● **Description of the task**
In the material below, please retype the lines from the very first through the one with "Anti Human C3b", exactly and without pictures.

● **Data extract**

-=-=-

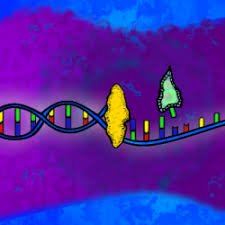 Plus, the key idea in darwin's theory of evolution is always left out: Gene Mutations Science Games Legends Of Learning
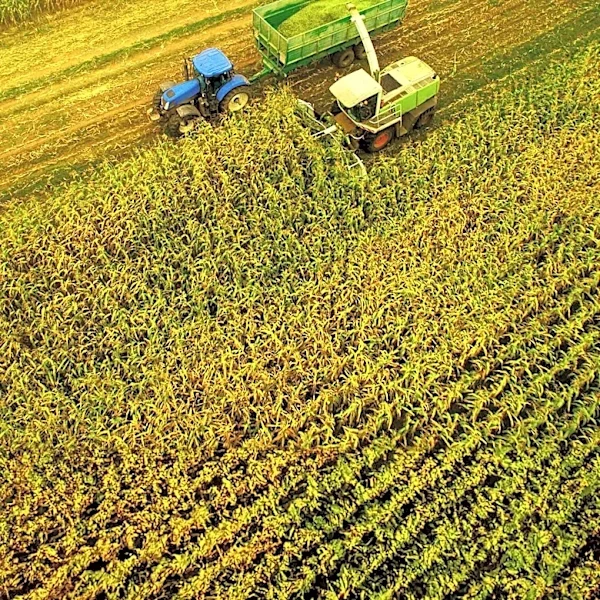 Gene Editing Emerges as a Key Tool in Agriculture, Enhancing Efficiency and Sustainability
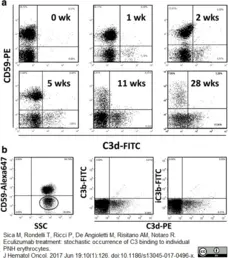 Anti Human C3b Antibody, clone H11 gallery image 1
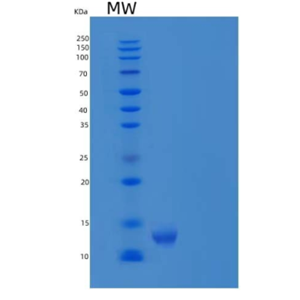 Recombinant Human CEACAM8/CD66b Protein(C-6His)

-=-=-

● **The answer**
 Plus, the key idea in darwin's theory of evolution is always left out: Gene Mutations Science Games Legends Of Learning
 Gene Editing Emerges as a Key Tool in Agriculture, Enhancing Efficiency and Sustainability
 Anti Human C3b Antibody, clone H11 gallery image 1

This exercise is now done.